■ **Exercise materials**:
* * *
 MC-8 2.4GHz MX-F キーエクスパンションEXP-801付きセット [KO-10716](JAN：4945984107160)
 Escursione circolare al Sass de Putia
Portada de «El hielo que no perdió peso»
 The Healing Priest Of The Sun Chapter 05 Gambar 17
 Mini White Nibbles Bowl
* * *
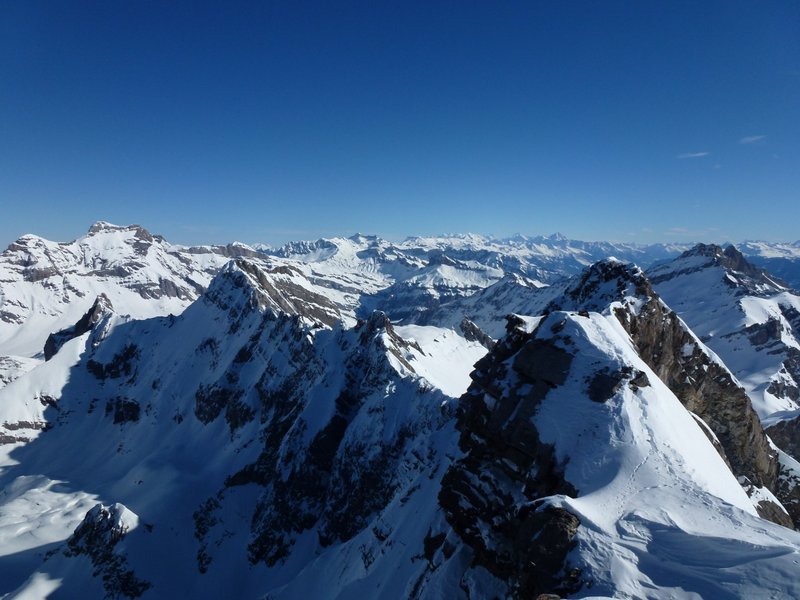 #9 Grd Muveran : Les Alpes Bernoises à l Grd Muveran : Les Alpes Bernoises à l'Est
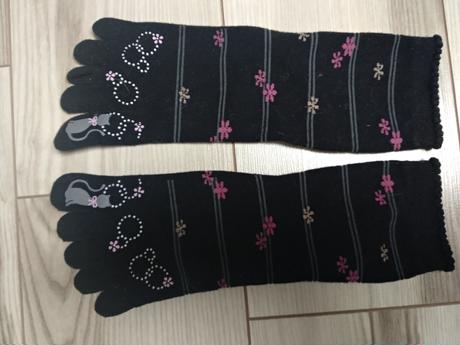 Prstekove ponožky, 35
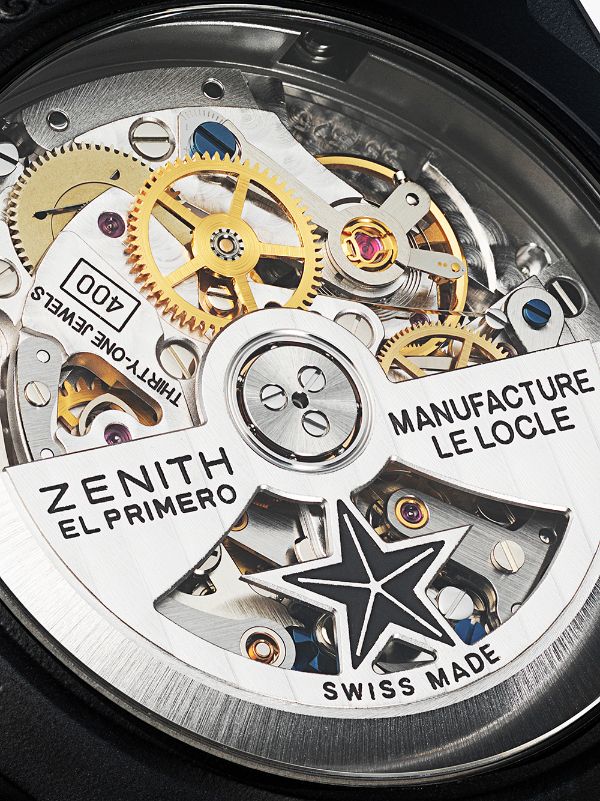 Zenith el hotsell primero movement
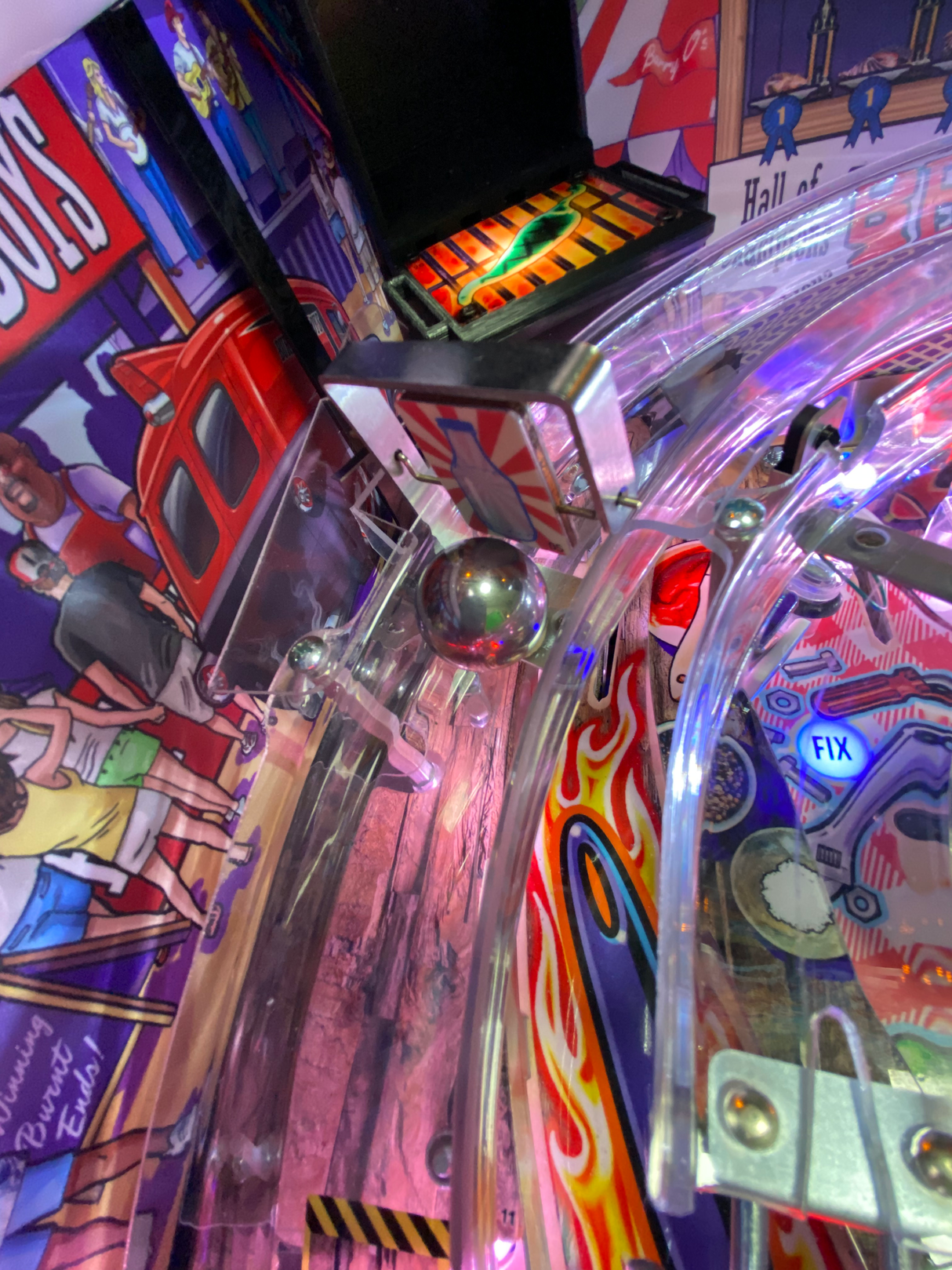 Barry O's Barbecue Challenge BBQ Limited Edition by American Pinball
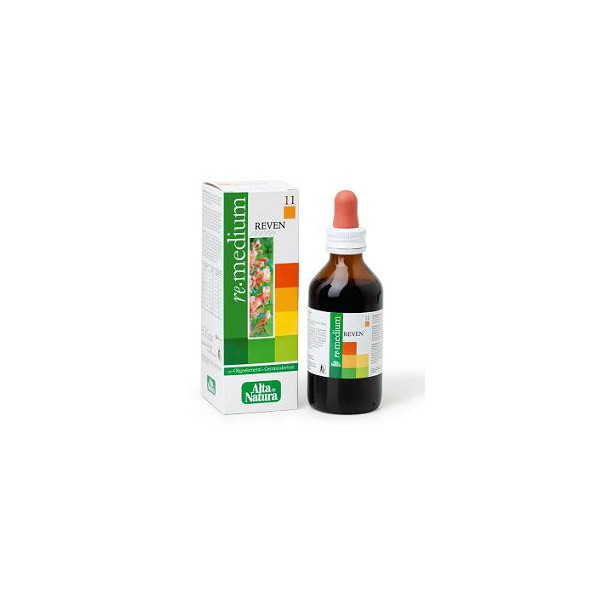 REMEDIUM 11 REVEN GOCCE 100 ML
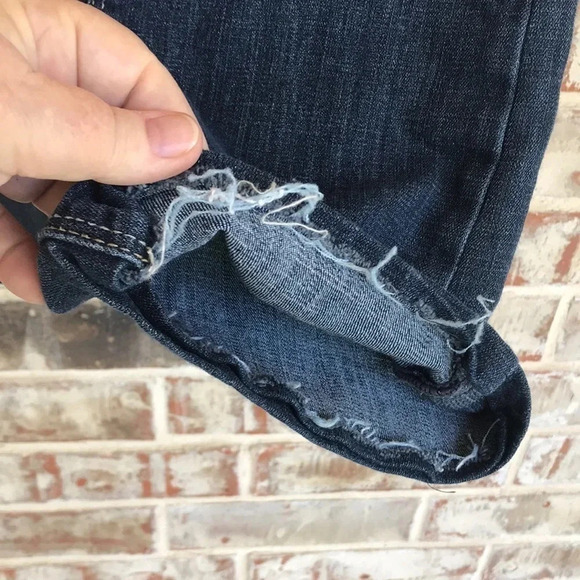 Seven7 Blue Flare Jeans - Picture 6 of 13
* * *
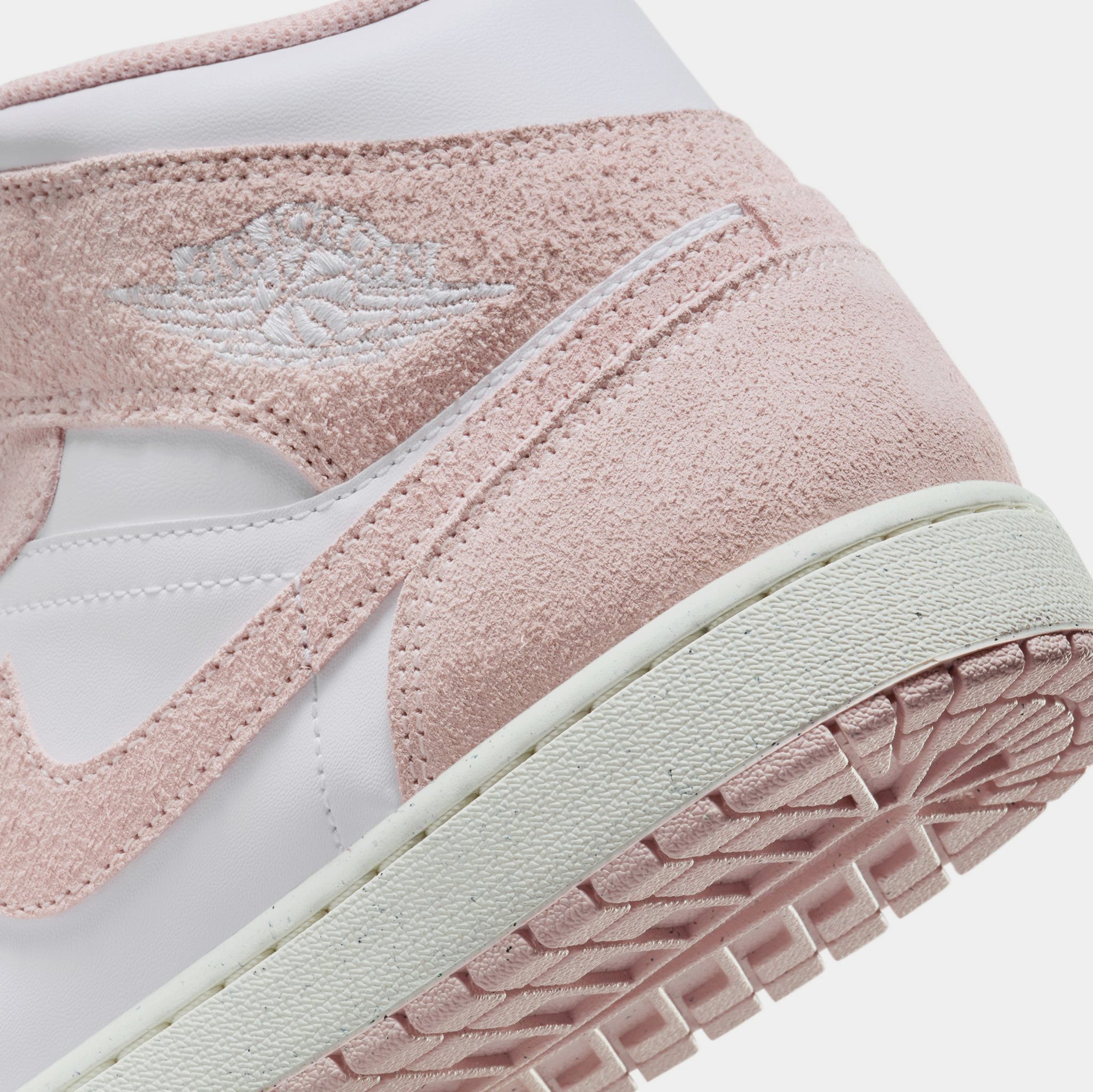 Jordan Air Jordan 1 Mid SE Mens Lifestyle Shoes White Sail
* * *
■ **What this task involves**: All that is wanted is the lines above between the one containing "REMEDIUM 11 REVEN GOCCE 100 ML" and the one containing "Seven7 Blue Flare Jeans - Picture 6 of 13", inclusive, restated word for word, with pictures omitted.

■ **Answer below**:
 REMEDIUM 11 REVEN GOCCE 100 ML
 Seven7 Blue Flare Jeans - Picture 6 of 13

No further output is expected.